Un giornalista è stato ucciso e un altro è rimasto gravemente ferito in violenze notturne a Bangui: lo hanno annunciato fonti di polizia nella capitale centrafricana. La notizia di una nuova ondata di attacchi nei pressi del quartier Pk5 è stata riferita solo oggi, ma i fatti risalgono alla notte tra martedì e mercoledì. Désiré Sayengas, redattore del giornale Le Démocrate è deceduto in ospedale per le ferite riportate mentre René Padou, collaboratore dell’emittente protestante Voice of Grace, è ricoverato in gravi condizioni dopo essere stato attaccato nella sua abitazione, dove il fratello maggiore è stato assassinato da ignoti.

Nella notte tra martedì e mercoledì disordini si sono scatenati in seguito all’uccisione in condizioni poco chiare di un giovane musulmano. Centinaia di civili sono fuggiti dalle loro case per trovare rifugio nei centri sfollati della capitale dopo che gruppi di giovani musulmani armati residenti nel Pk5 hanno preso di mira i quartieri a maggioranza cristiana.

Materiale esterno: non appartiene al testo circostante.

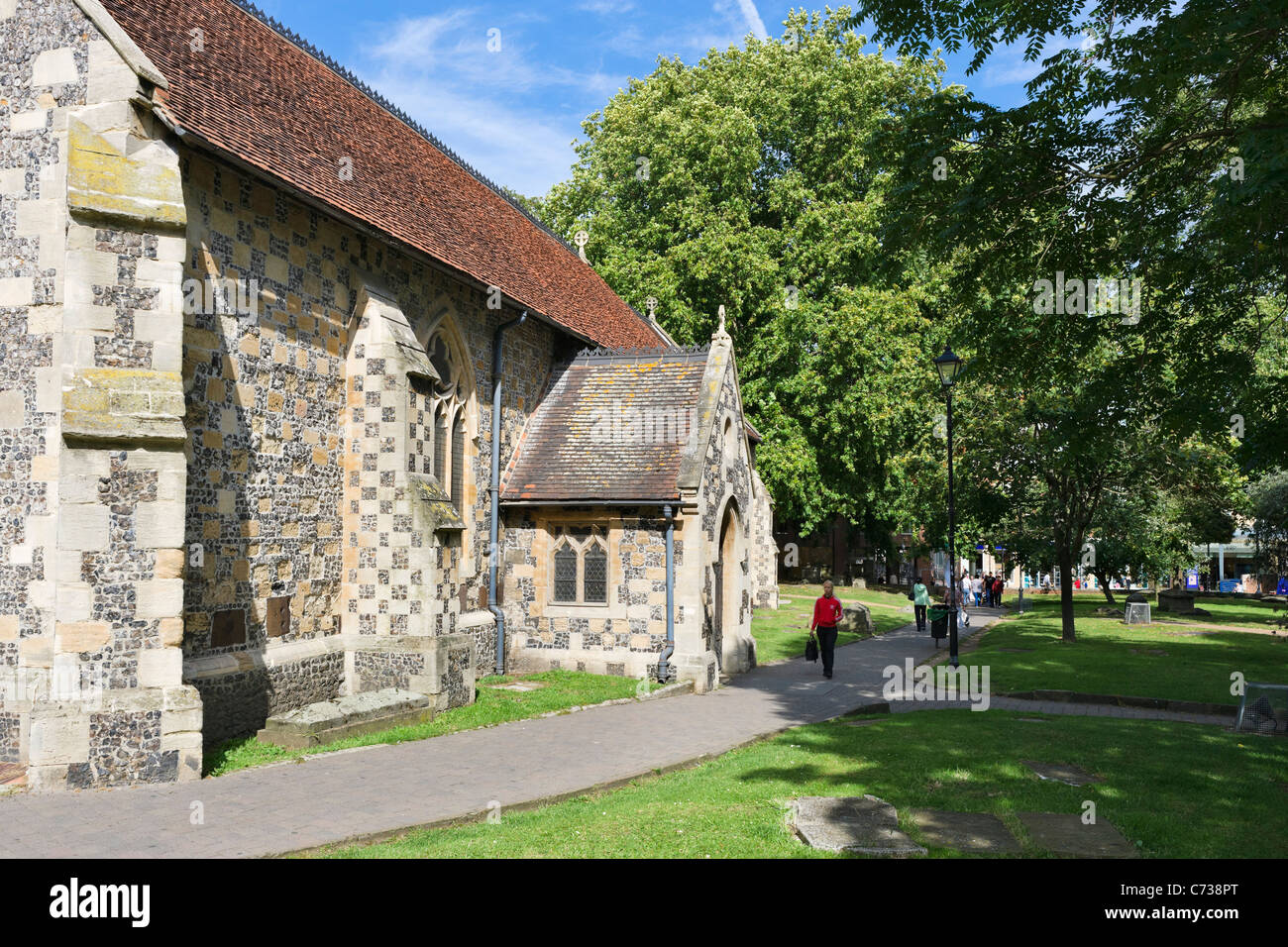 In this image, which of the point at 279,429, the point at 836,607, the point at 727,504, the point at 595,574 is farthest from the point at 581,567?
the point at 279,429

Dopo l’evacuazione di centinaia di musulmani dal Pk12, a Bangui il quartiere del Pk5 rimane l’unica enclave di confessione musulmana.

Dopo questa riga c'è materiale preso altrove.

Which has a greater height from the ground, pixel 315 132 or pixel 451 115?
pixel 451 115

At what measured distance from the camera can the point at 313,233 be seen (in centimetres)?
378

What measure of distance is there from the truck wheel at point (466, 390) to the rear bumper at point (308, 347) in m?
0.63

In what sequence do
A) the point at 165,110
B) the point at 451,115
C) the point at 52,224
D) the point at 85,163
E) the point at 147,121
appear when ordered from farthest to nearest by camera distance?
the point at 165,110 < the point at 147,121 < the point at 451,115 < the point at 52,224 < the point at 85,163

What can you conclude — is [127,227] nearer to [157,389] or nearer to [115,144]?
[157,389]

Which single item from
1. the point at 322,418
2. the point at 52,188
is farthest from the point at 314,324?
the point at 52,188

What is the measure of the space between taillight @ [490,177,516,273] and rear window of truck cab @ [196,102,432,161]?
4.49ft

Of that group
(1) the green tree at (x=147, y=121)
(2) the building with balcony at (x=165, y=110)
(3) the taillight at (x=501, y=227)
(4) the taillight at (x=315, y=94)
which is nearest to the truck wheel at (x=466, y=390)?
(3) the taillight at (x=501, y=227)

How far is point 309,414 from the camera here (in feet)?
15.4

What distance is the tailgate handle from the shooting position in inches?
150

Intanto dal nord, a centinaia di chilometri da Bangui, è giunta la notizia di un pesante attacco contro la località di Markounda, messa a soqquadro da “uomini arrivati dal Ciad, a piedi e a cavallo”. Migliaia di persone sono fuggite e hanno trovato rifugio dall’altra parte del confine, nel villaggio ciadiano di Komba. Dalle testimonianze è emerso che gli assalitori, di cui alcuni indossavano una divisa e altri un turbante, parlavano l’idioma peul e hanno appiccato il fuoco a gran parte delle abitazioni. Il vice prefetto di Markounda Lucien Mbaigotto ha riferito di aver chiesto il dispiegamento di militari della forza africana Misca in città, ma la sua domanda è rimasta senza risposta. “Posso assicurarvi che le frontiere del Ciad sono controllate e sicure. Nessuno può superare i confini per attaccare il Centrafrica” ha assicurato il portavoce del governo di N’Djamena, Hassan Sylla.

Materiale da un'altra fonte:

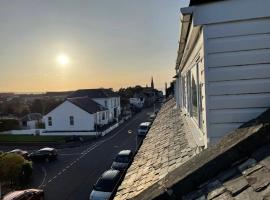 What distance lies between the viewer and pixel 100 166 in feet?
98.8

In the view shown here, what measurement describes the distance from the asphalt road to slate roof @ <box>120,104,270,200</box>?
18.6 m

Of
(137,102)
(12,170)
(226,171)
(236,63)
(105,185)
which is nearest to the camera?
(226,171)

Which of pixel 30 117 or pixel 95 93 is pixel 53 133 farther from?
pixel 30 117

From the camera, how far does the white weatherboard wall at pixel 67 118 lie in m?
51.2

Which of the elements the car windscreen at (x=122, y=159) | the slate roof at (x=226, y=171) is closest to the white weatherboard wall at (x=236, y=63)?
the slate roof at (x=226, y=171)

Il perdurare delle violenze nel paese tuttavia, ha spinto il responsabile delle operazioni umanitarie dell’Onu, John Ging, a riconoscere che “finora, col popolo centrafricano, abbiamo fallito”. Nel corso di una visita nel paese, Ging ha riscontrato “un deteriorarsi significativo della situazione” ma anche un “sentimento diffuso di rassegnazione” tra la gente. L’alto dirigente Onu si è detto allarmato per il fatto che “ormai la popolazione punta il dito contro i musulmani o i cristiani e non più contro generici gruppi armati”. Ging ha poi sottolineato che la comunità internazionale “non ha dispiegato un numero adeguato di forze di sicurezza” e ha sbloccato solo il 28% dei fondi richiesti, “troppo poco per cambiare la situazione”.